The past few months have been an extremely busy travel season for me. I’ve been to New York, Geneva, Jakarta, Singapore, Philadelphia, Orlando, St. Louis, Luxembourg, Dubai …
Well, you get the idea.
I finished my last major trip with a stop in China, where I had the opportunity to host a media roundtable and speak at the China Civil Aviation Development Forum.
A Kodak moment at the civil aviation forum in Beijing. The ladies were from the Ordos region of Inner Mongolia where authorities are trying to attract investment to develop aviation infrastructure.
After my Beijing stop I got to “travel” around the world in an afternoon. By that I mean I visited Expo 2010 in Shanghai. It runs through October 31 and is intended to promote the exchange between different cultures and countries.
It’s the first time I’ve visited a world’s fair since Expo ‘74.
Boeing has a pretty cool exhibit inside the USA Pavilion at the Shanghai show. A staggering 70 million people are expected to attend the expo, and we think a good fraction of those will pass by the Boeing display.
The lines were fairly long to get into the USA pavilion.
As a sponsor of the pavilion, Boeing has display space at the “Discover America” theme area. The Boeing story is about partnership, the connection between China and the U.S., and history, as told through technology, innovation and sustainability.
The centerpiece is something we’re calling the Boeing Dreamscape, an interactive wall featuring images and other content uploaded from BoeingDreamscape.com.
Interacting with the Boeing Dreamscape wall.

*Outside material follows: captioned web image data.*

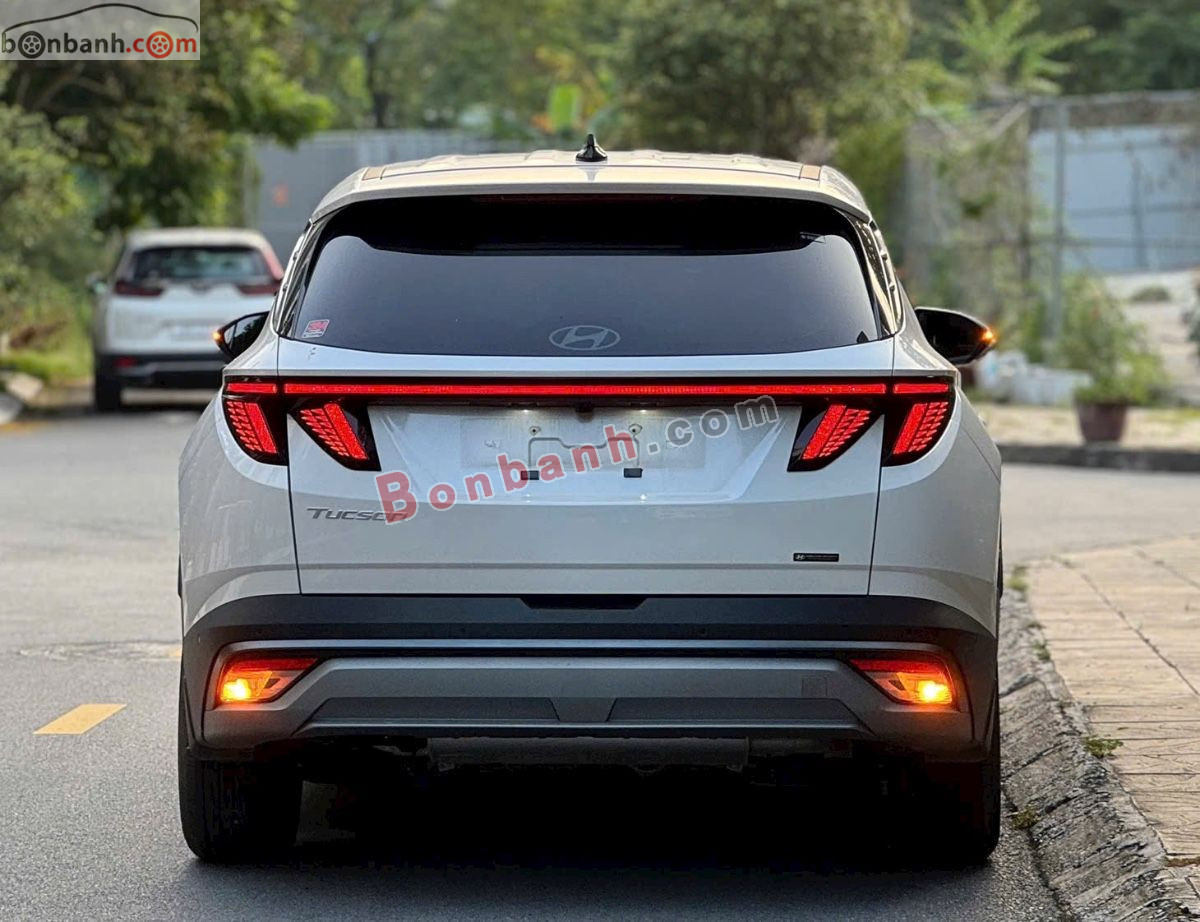 Bán ô tô Hyundai Tucson 2.0 AT Đặc biệt - 2025 - xe cũ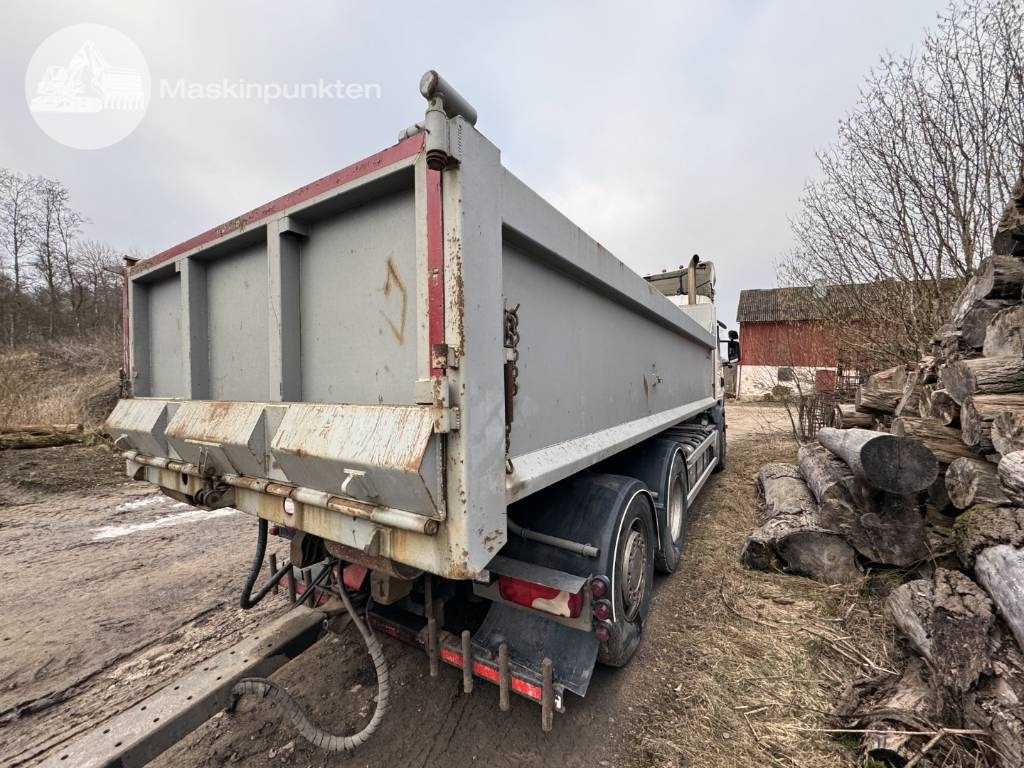 Scania R 500 LB - Hook lift truck: picture 5 Scania R 500 LB - Hook lift truck: picture 5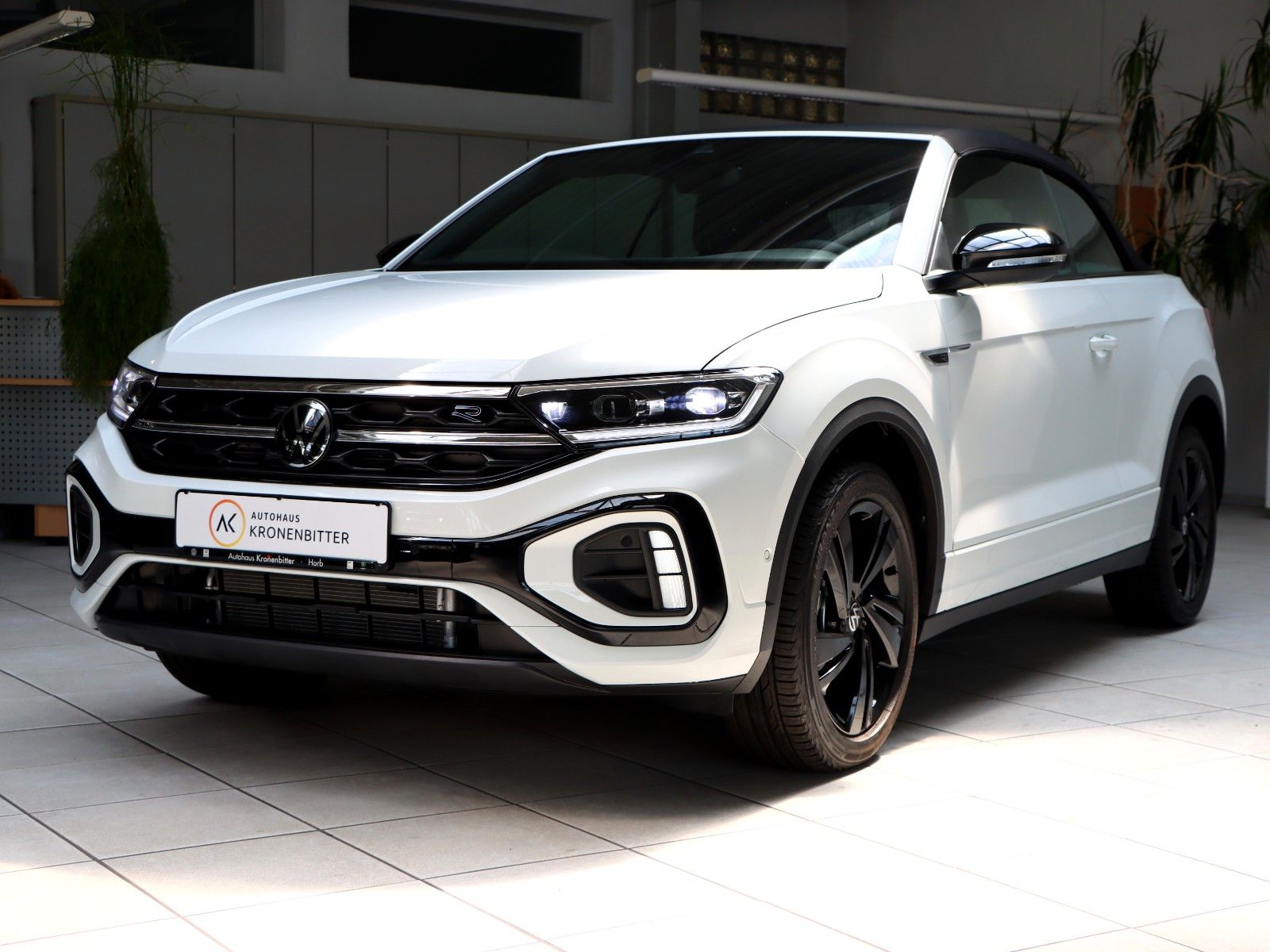 Volkswagen T-Roc - Bild 3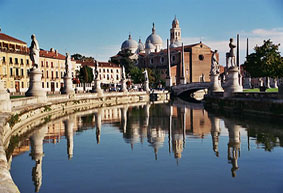 Discover Padua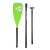 Skatinger Aluminum SUP Single Blade Paddle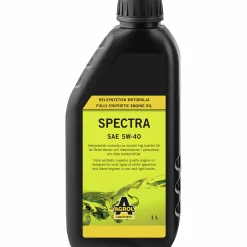 Motorolja Agrol Spectra Helsyntet 5W/40 1L
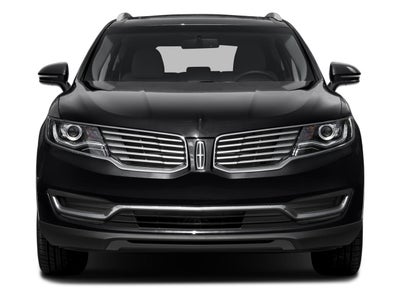 2016 Lincoln MKX AWD 4dr Select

We launched the website together with the Dreamscape wall so that people from China and around the world can share travel and cultural experiences with pictures and short messages.
I did. I submitted 2 photos of my own.
One great feature of our exhibit highlights Wong Tsoo, who was Boeing’s first chief engineer. He helped design the Model C training seaplane which went on to become Boeing’s first financial success.
The China Pavilion - understandably, a very popular exhibit.
During my visit to the expo, my Boeing colleague, Olive Wang, and I actually managed to walk the entire length of the grounds and back - a journey of about 4 hours.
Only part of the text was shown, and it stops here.